The daughter of a textile manufacturer, Sonia was raised in New York suburbs in what she terms a “middle-class environment.” She had nearly three years of college. After the breakup of her marriage to a high school sweetheart, she moved with her parents to Miami and later followed them to Charlotte, N.C. She was arrested at various times for prostitution, drug possession, forgery and contributing to the delinquency of a minor. (After the murders it was revealed that Eric had apparently never attended school.) Attorney Harold Rosen, a family friend who is now mayor of Miami Beach, helped keep her out of prison.
An ambitious jailhouse lawyer, Sonia has filed suit charging sex discrimination in her treatment as a Death Row inmate. She remains confident her appeal will succeed, and that she will be reunited with her children, now being raised by her parents. “We had fun together,” she recalls nostalgically of her life with Tafero. “We weren’t always looking for babysitters. We did everything as a family.”
Prison is breaking an ex-nurse’s health
In the more than two years she has spent in a cell at the Bibb County Jail in Macon, Ga., Rebecca Machetti, 38, suffered migraine headaches and skin rashes, as well as a stroke that left her vision impaired. “The whole thing is so bizarre,” says her mother. “Becky’s a trained nurse, always full of love and compassion for people. I know she would never harm anybody.”

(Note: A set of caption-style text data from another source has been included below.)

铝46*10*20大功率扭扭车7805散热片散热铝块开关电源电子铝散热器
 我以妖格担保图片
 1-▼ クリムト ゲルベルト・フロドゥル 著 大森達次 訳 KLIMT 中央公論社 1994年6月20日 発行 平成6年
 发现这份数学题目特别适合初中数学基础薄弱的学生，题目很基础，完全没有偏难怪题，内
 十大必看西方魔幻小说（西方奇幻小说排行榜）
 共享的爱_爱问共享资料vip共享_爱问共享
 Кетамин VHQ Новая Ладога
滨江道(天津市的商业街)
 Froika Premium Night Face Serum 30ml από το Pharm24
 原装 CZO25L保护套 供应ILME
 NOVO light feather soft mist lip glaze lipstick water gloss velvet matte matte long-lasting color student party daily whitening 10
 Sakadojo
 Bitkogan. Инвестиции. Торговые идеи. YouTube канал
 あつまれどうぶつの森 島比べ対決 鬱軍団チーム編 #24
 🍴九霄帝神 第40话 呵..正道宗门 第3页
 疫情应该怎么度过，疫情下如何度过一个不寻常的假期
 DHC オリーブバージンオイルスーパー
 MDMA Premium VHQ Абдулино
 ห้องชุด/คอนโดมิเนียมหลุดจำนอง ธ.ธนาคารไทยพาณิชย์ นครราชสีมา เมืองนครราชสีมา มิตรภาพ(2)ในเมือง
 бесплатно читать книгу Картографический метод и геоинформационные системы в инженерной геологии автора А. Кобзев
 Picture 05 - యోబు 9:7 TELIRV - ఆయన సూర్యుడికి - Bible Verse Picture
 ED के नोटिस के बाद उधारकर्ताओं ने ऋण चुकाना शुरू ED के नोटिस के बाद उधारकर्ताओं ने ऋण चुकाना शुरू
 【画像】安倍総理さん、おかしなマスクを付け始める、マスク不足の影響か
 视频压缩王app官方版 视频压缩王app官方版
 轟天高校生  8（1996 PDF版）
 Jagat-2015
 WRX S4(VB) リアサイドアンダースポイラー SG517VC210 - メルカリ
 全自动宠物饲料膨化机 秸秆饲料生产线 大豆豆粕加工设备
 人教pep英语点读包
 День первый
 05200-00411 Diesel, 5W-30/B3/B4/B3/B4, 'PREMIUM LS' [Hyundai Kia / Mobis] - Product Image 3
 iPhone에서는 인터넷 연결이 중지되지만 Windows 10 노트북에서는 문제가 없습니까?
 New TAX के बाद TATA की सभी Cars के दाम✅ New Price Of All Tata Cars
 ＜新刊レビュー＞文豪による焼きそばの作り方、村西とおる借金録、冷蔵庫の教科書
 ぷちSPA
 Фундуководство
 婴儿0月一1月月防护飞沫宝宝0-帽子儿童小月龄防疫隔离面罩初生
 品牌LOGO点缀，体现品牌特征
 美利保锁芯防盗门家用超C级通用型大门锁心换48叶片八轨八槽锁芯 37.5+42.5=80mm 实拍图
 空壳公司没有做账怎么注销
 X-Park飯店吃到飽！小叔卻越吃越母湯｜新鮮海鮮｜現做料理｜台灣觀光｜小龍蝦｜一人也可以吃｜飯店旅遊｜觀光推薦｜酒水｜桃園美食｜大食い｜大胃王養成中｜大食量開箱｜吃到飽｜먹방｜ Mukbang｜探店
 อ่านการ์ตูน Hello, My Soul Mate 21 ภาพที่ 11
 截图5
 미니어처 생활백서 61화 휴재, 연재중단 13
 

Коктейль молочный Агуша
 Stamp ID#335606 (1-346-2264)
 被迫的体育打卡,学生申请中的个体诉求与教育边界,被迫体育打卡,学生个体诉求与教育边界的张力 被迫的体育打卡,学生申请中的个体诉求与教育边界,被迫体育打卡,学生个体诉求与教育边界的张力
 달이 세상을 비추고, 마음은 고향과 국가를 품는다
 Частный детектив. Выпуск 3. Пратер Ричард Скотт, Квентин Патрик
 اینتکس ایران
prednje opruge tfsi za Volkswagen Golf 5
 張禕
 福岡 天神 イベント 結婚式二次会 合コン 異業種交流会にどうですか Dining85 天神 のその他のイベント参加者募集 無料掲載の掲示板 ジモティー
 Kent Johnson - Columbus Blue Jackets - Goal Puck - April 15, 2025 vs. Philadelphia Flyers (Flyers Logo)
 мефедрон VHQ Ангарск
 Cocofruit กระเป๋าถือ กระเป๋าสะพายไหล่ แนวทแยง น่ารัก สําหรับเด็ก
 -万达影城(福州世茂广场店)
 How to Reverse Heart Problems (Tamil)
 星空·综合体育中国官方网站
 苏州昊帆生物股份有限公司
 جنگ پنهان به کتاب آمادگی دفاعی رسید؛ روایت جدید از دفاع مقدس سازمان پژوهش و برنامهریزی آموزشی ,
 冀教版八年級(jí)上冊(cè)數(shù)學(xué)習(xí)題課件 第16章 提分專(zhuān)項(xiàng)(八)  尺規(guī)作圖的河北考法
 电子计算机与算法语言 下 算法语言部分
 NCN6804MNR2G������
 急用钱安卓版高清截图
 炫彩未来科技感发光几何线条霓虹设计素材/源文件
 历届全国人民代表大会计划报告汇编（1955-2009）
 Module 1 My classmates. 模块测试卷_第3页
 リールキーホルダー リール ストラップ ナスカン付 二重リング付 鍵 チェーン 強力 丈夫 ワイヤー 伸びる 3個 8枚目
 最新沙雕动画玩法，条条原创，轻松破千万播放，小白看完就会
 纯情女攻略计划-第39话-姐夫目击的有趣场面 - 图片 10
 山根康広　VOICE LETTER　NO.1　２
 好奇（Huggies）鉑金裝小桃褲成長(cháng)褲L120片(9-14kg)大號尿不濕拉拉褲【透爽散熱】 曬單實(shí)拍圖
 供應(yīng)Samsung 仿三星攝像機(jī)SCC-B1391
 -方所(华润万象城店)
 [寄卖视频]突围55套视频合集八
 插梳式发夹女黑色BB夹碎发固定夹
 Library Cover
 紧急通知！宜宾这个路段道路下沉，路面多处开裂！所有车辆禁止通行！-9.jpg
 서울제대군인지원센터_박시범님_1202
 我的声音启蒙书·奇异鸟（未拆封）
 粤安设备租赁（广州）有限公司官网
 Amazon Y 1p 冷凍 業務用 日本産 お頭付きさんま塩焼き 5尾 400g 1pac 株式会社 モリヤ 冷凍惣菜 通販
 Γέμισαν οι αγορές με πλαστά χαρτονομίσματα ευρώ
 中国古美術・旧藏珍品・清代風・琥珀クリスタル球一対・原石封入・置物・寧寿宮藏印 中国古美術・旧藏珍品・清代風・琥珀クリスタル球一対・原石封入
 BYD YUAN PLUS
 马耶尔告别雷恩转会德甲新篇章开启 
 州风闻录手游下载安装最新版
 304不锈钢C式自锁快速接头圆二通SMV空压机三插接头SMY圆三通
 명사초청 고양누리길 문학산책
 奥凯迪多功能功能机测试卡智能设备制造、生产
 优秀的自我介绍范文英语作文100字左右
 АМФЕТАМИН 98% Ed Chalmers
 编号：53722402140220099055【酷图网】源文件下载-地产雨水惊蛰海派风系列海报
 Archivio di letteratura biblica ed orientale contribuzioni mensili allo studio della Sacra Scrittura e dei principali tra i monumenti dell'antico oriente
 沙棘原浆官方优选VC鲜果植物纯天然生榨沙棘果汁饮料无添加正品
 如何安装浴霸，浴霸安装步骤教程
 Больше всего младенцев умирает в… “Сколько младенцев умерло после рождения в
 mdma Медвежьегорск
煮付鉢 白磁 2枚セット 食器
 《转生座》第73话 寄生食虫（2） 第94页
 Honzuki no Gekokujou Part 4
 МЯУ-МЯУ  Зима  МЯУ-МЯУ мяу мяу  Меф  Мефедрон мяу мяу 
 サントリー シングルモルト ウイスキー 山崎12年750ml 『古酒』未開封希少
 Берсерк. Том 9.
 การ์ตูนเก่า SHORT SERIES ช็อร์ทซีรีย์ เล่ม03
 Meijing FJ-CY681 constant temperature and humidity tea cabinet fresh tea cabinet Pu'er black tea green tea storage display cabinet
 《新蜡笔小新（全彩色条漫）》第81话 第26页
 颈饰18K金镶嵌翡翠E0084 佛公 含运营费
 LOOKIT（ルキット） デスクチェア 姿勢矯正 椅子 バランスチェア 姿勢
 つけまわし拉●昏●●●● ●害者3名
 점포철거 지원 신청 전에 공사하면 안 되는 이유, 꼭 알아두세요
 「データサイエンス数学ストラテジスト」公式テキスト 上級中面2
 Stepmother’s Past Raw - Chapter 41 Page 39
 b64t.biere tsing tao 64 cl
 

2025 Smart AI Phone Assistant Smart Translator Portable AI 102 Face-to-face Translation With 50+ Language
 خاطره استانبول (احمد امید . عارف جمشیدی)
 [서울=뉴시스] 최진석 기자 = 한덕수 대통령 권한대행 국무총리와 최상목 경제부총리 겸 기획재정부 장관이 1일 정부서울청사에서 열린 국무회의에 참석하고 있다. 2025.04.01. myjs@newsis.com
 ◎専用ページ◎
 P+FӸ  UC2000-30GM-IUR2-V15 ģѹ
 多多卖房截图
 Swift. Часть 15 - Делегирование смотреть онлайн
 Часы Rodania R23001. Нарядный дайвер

A Bibb County jury disagreed. It condemned Mrs. Machetti for her part in planning the 1974 shotgun murders of her former husband, Ronald Akins, and his wife. Also convicted were her present husband, who was sentenced to death, and an accomplice who testified for the state and got life imprisonment. The motive, the state said, was insurance money and other funds due the three daughters Mrs. Machetti and Akins had during their 17-year marriage. They were divorced in 1973.
Though Mrs. Machetti is permitted few visitors, those who see her say she is depressed and highly emotional. “She’s going to need psychiatric help if she gets out,” says a friend, “but she’s extremely intelligent—a member of Mensa—and I’m sure she can make it.” A convert to Roman Catholicism, Mrs. Machetti does research for groups opposing capital punishment and corresponds with prisoners elsewhere. “Becky reaches out to everybody,” says her mother. “She writes to between 75 and 100 inmates all over the country, and I get letters telling me how much she means to them.” An anticapital punishment campaigner gives another view of Mrs. Machetti: “She’s articulate, manipulative and persuasive. She could convince anybody the moon is made of green cheese. She’s exceptional.”